Bill Hawks, a former Hernando farmer, state senator and one-time
Republican candidate for lieutenant governor and, later, a U.S.
undersecretary of agriculture for President George W. Bush, and Philip
Whitehead, a Booneville attorney and investor, were in the 30-member
Mississippi delegation marketing state agriculture.

Hawks is a partner in a Washington firm that stands to profit in
representing private interests, and Whitehead is an investor in
Tishomingo Products Co., which also could profit from agri-business trade.

The delegation was not an official, state-backed group. A spokesman for
Mississippi's Department of Agriculture and Commerce said it had no role
in the trip, and neither did the private-sector Catfish Institute, which
generally represents the catfish industry.

The larger trade group in Cuba included a bipartisan group of five
congressmen, who made the trip without prior announcement. The group
also included agriculture officials of some other southeastern states.

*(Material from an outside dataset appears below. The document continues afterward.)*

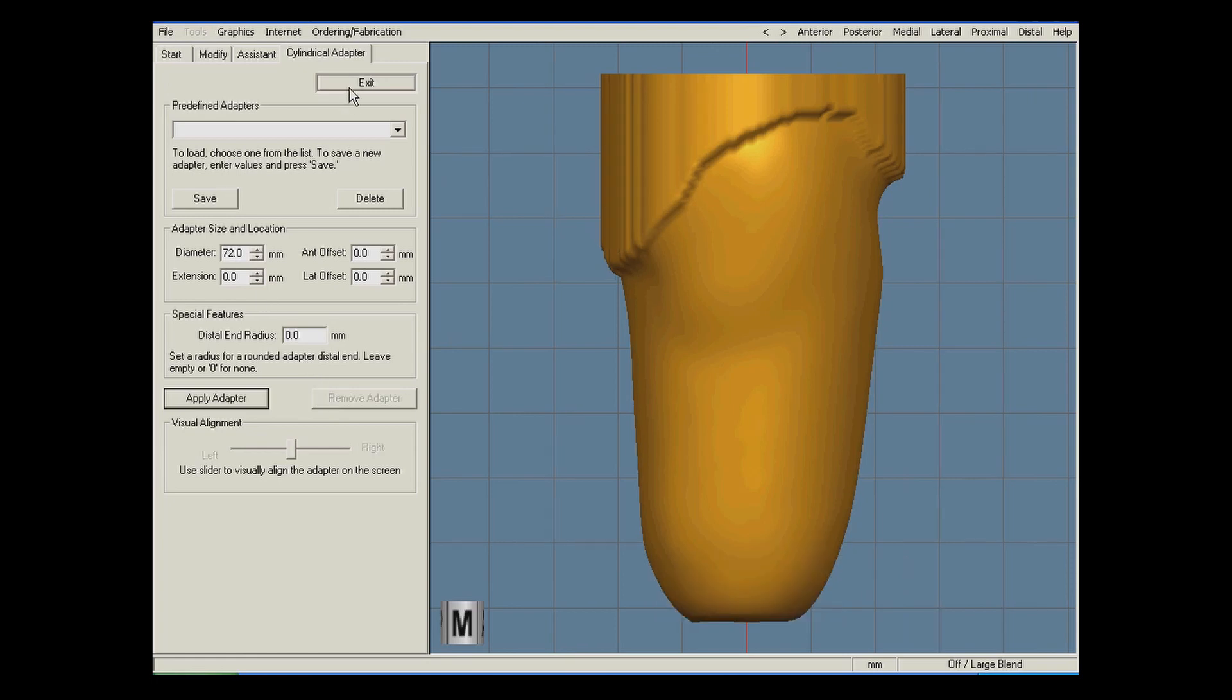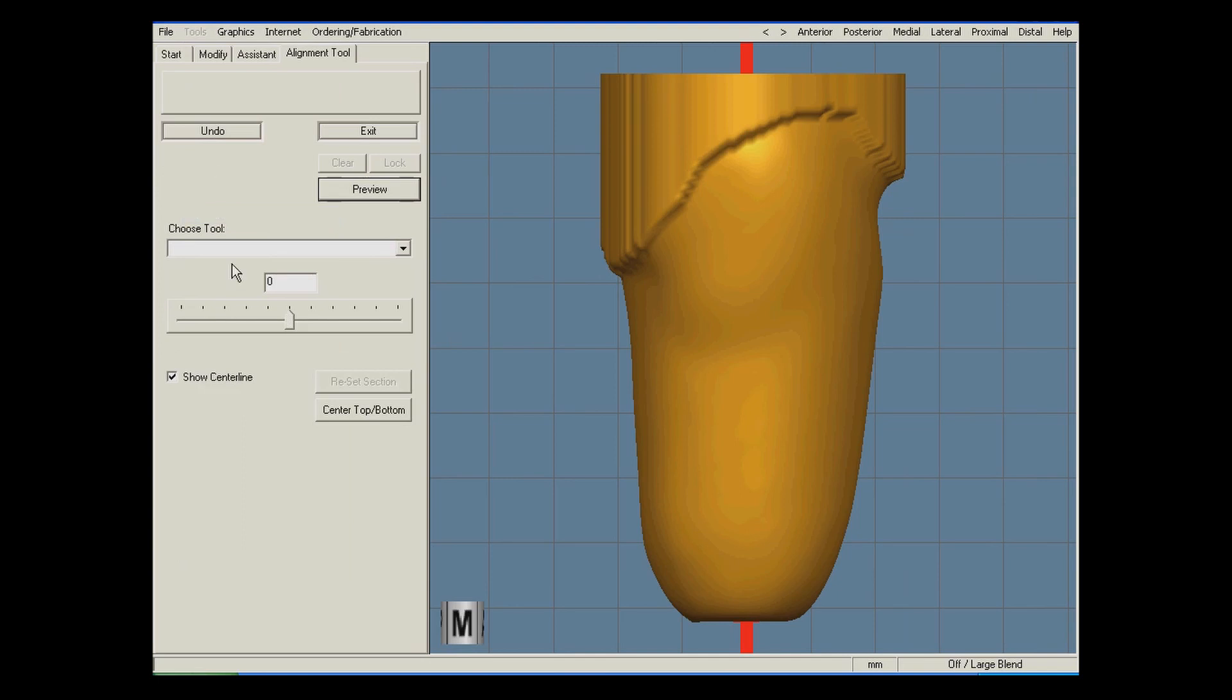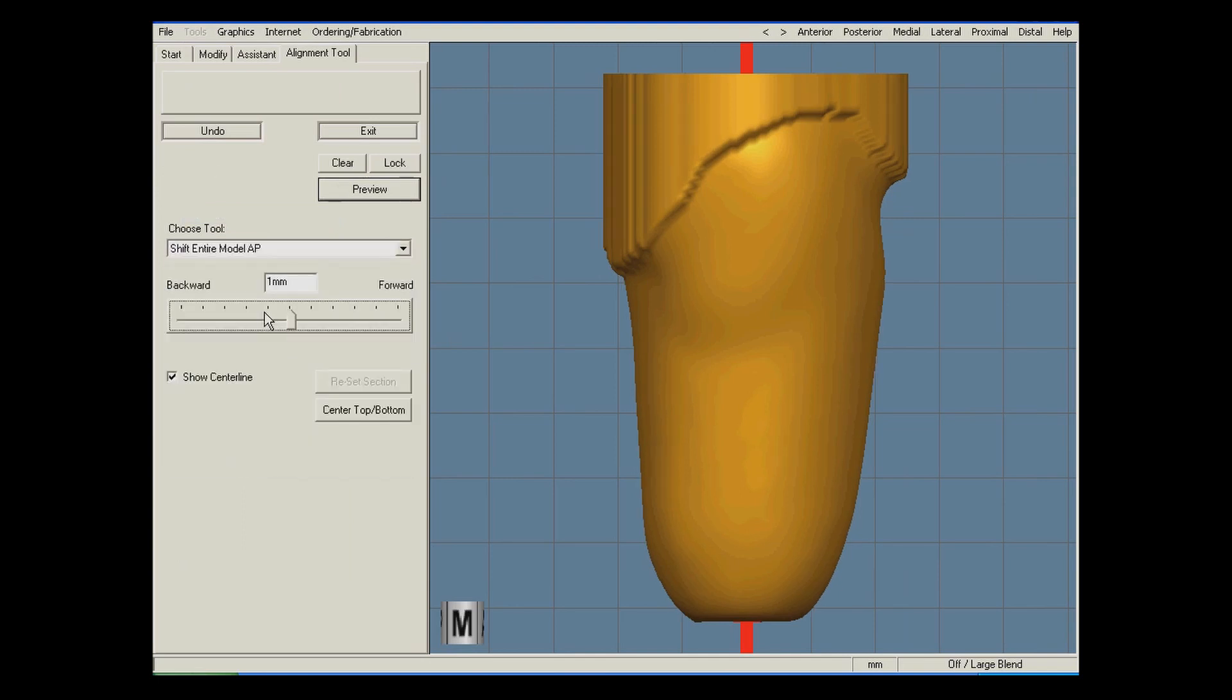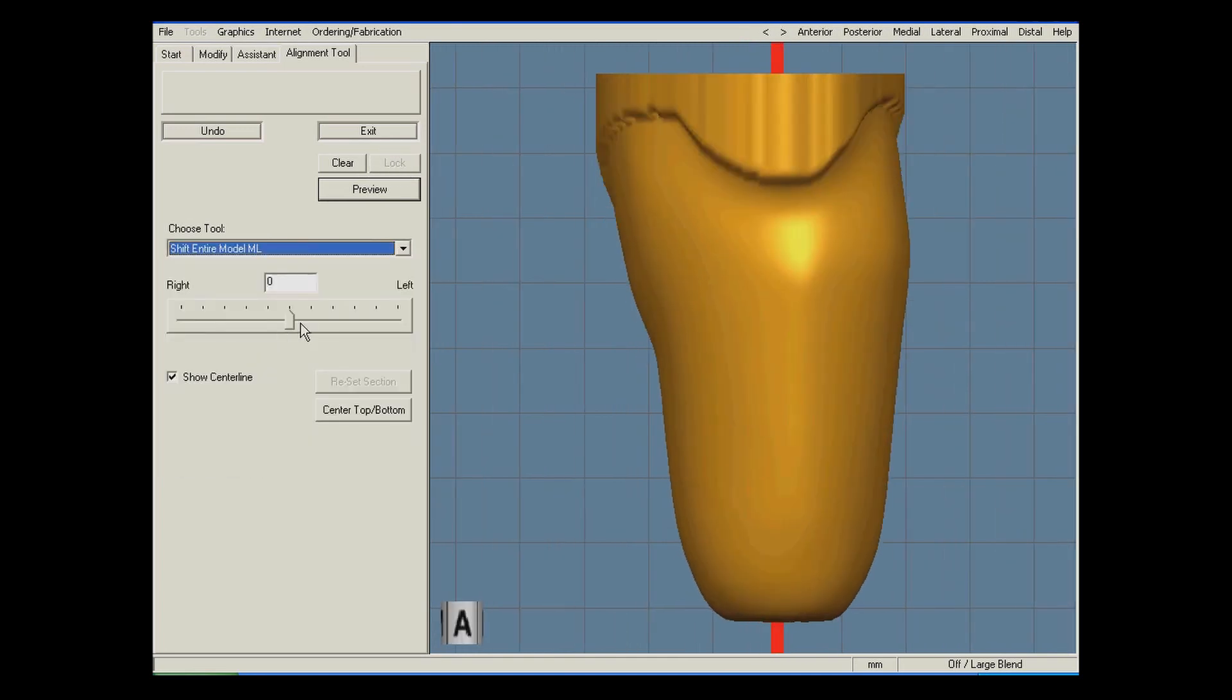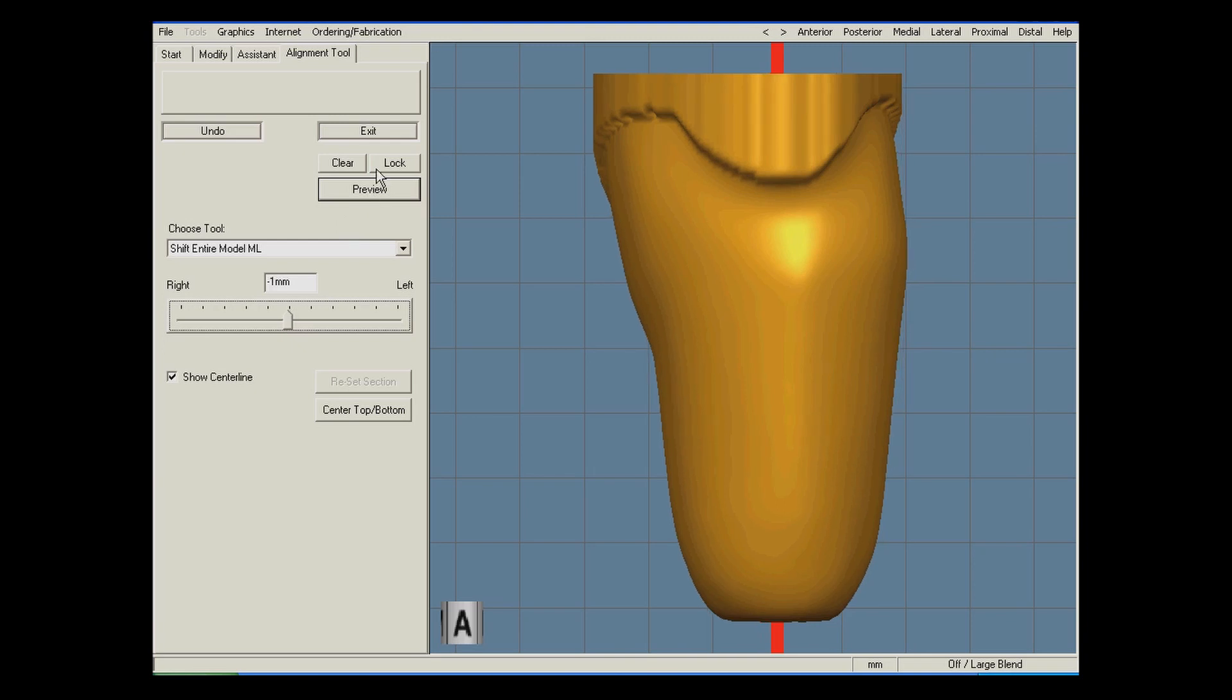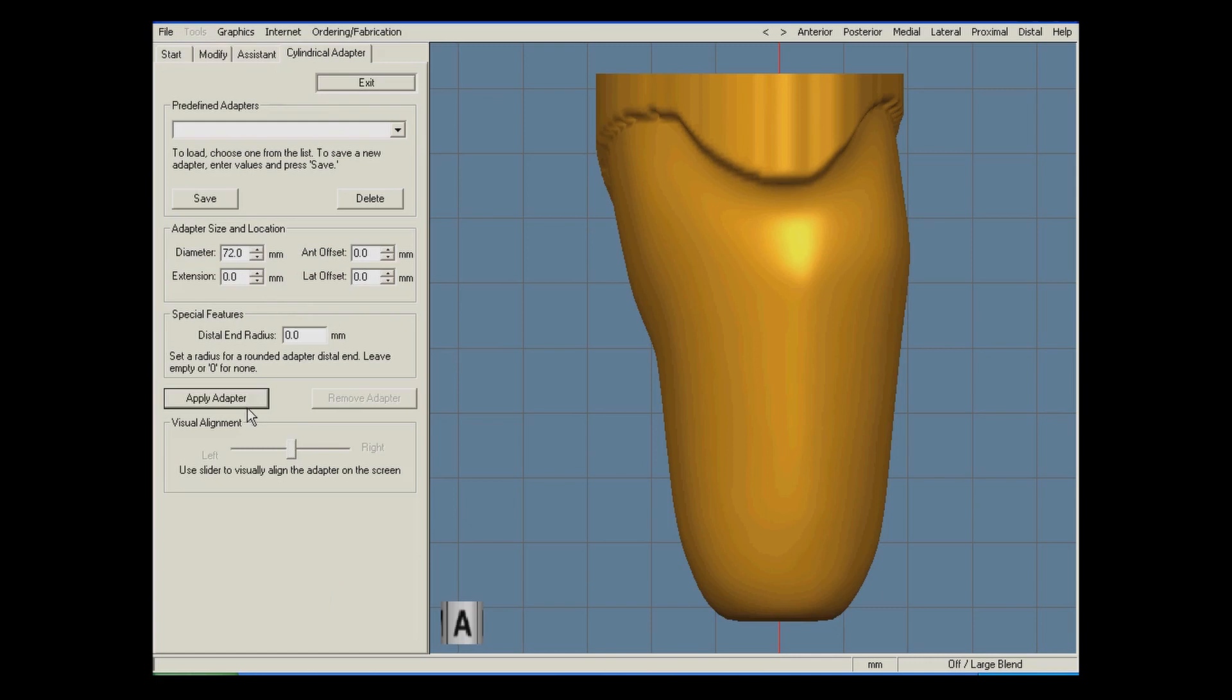I remove the adapter and switch over to the alignment tool, which allows me to shift the entire model in the medial lateral plane to fix the lateral overhang, as well as shift the model in the anterior posterior plane to correct that alignment as well. The alignment looks good, so I reapply the cylindrical adapter.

Whitehead said Mississippi farmers and forest products industries stand
to reap a huge cash harvest in direct sales to the official Cuban
export-import company, with payments backed by the full faith and credit
of the Cuban government.

The trade embargo was imposed when Fidel Castro's communist guerillas
toppled the regime of Fulgencio Batista y Zald'va, the island nation's
longtime dictator, and Castro later confiscated the private property of
U.S. citizens and corporations. The embargo was imposed by President
John F. Kennedy and has had strong bipartisan support.

Whitehead and Hawks were among more than 200 people representing 114
American companies or associations from 25 states attending the meeting
in Havana. It was the first major trade meeting between American and
Cuban interests since the embargo was put in place.

Mississippi's interests, led by Hawks, held a catfish fry for Cuban
officials to promote Mississippi farm-raised catfish, described in one
report as a "Cuban favorite."

Whitehead said the delegation came home with a $1.2 million contract for
Mississippi cotton, pending contracts for Mississippi catfish, and
progress made on selling forest products from Homan Industries, a
Fulton-based family of companies dealing in Southern pine.

The official embargo prevents almost all kinds of commerce between the
two nations, separated by 90 miles of ocean off the tip of Florida.
American citizens are generally forbidden to travel to Cuba for any
reason except under special arrangements and visas (journalists can get
special visas for specific coverage).

Whitehead said the Mississippi group endorsed a statement during the
conference that trade and tourism between Cuba and the U.S. should be
mutually free and open.

That will happen in time, as the Castro regime fades into history.

Meanwhile, Mississippi's private sector has an opportunity to make money
in legal trade with Cuba, just as many industries already profit from
trade with China, the largest communist nation.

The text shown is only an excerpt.